El presidente Peña y el propio secretario Videgaray han dicho que no se gobierna para aumentar índices de popularidad, sino para hacer lo que el país requiere. No conozco a ningún político de cepa que diga que no le importa la popularidad. La popularidad sin responsabilidad se convierte en populismo, pero un mandatario demócrata debe buscar siempre el equilibrio entre la popularidad y la responsabilidad. De eso se trata gobernar, salvo, claro está, que no se sienta comprometido con fuerza política alguna. Pudo hacerlo, por ejemplo, Ernesto Zedillo, quien no sentía un fuerte compromiso con el PRI, pero de ninguna forma lo hicieron Carlos Salinas, ni Vicente Fox o Felipe Calderón. No vemos a Barack Obama o a Angela Merkel pensando sólo en el futuro de sus países, sino también en sus proyectos políticos de corto y largo plazo.
El tema de la popularidad tiene además otra vertiente, la de las candidaturas.

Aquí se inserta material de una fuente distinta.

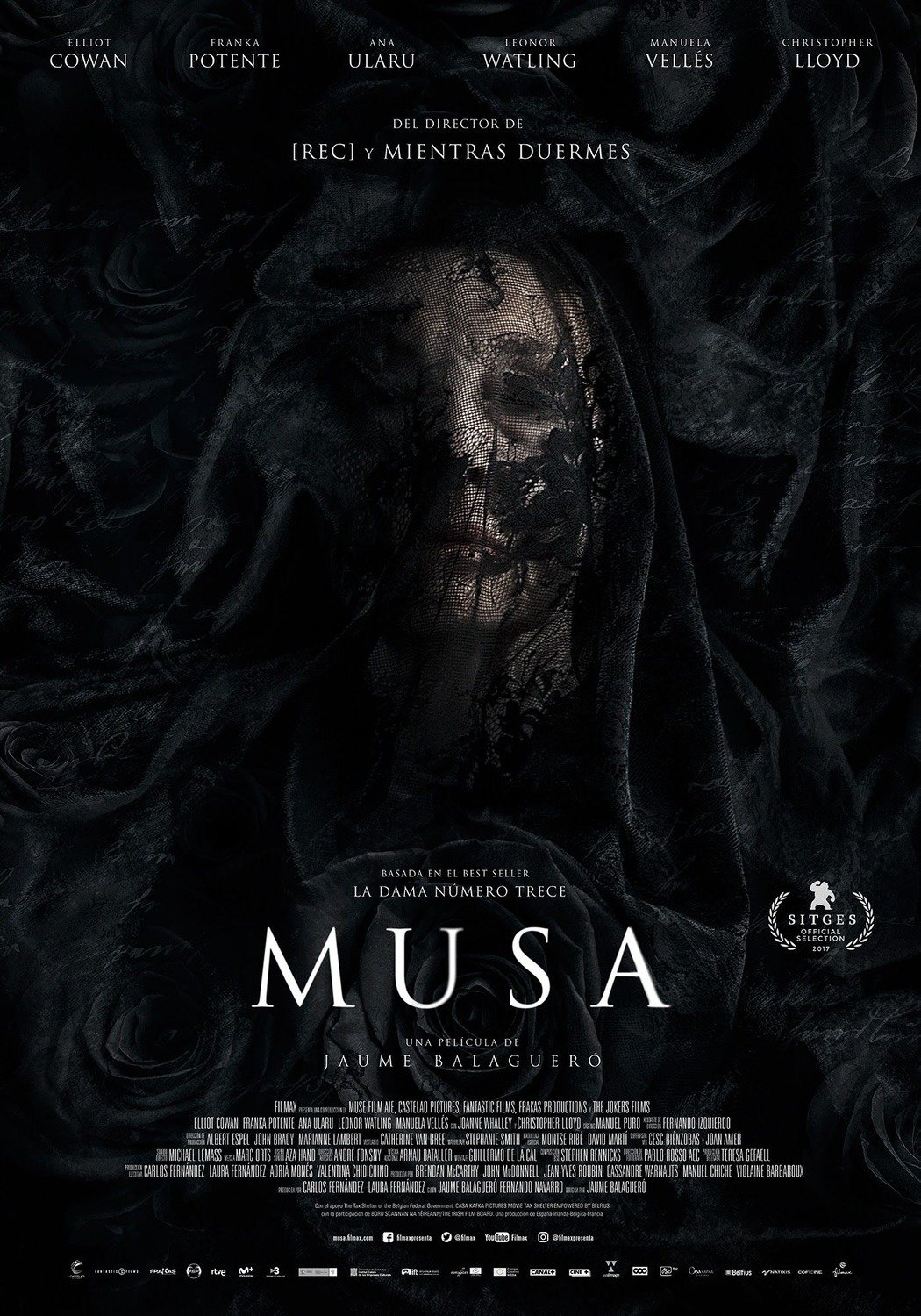 Affiche du film Muse 23587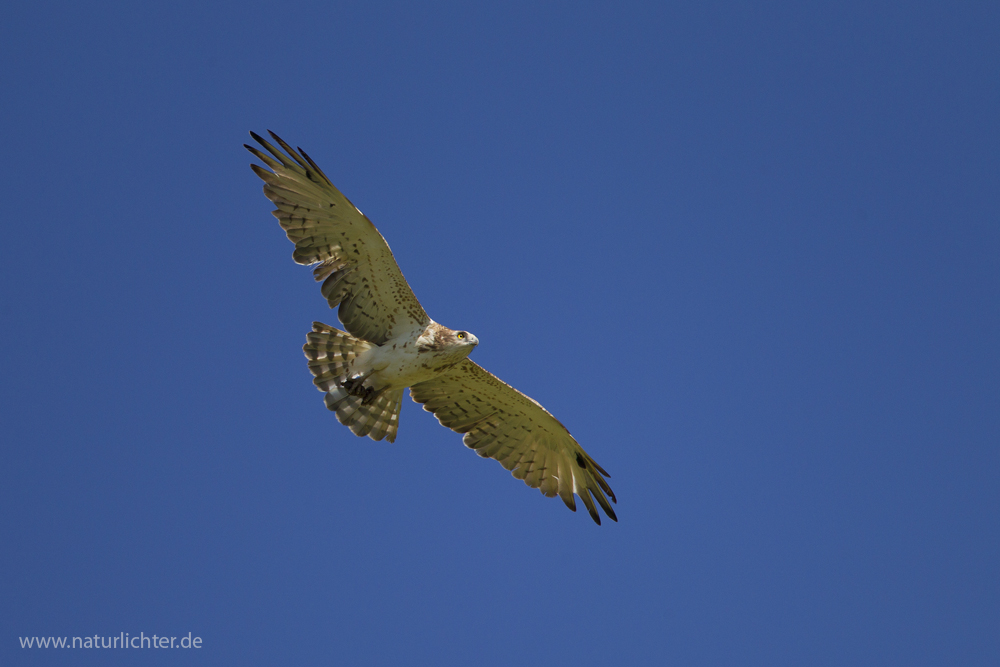 Schlangenadler im Flug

En junio pasado, Ciro Gómez Leyva escribía sobre una comida que periodistas de Radio Fórmula mantuvieron con el presidente Peña. “Nos dijo que no nos obsesionáramos con el candidato del PRI, porque una elección nacional es algo tan grande que puede darle oportunidad de ganar a alguien que hoy sólo sea conocido por el 1% de la población”, escribió Ciro que les dijo el presidente Peña.
“¿Un personaje que hoy es conocido por el 1% de los mexicanos podría ser el candidato del PRI?, le preguntaron estupefactos sus interlocutores”.
“¿Por qué no?”, contestó Peña Nieto. “Eso es posible porque de que te conocen en una campaña nacional, te conocen”.
Es un razonamiento que enlaza directamente lo de la popularidad presidencial con la del candidato que buscará sucederlo. Es un razonamiento, en ambos sentidos, equivocado. De la misma forma que el Presidente necesita la popularidad para gobernar en forma responsable, un candidato que comience con uno por ciento de conocimiento tiene muy escasas posibilidades de ganar una elección presidencial, incluso de ser simplemente candidato.
Llama la atención porque, además, el presidente Peña Nieto logró llegar a Los Pinos precisamente porque no pensaba ni actuaba así. Como gobernador apeló todo lo que pudo a la popularidad y fue candidato presidencial precisamente por ella. Y así decidió quién sería su sucesor en el Estado de México (de otra forma el candidato hubiera sido Alfredo del Mazo, no Eruviel Ávila) y por eso ganó las elecciones en su estado, primero, y la presidencial después. Y al gobierno y a su partido les urge, como decíamos aquí el lunes, que el presidente Peña recupere al gobernador Peña.
Por cierto, las encuestas (la de BGC en Excélsior y la de El Financiero de esta semana) muestran que en los cuatro principales partidos del país hay bastante claridad sobre quiénes quieren que sean sus aspirantes en 2018. El PAN tendrá que comenzar a cuidar y mucho a Margarita Zavala. El PRD a Mancera. En Morena el dueño es López Obrador. ¿Cuándo comenzará el PRI a proteger a Miguel Ángel Osorio o saben algo que los demás no sabemos?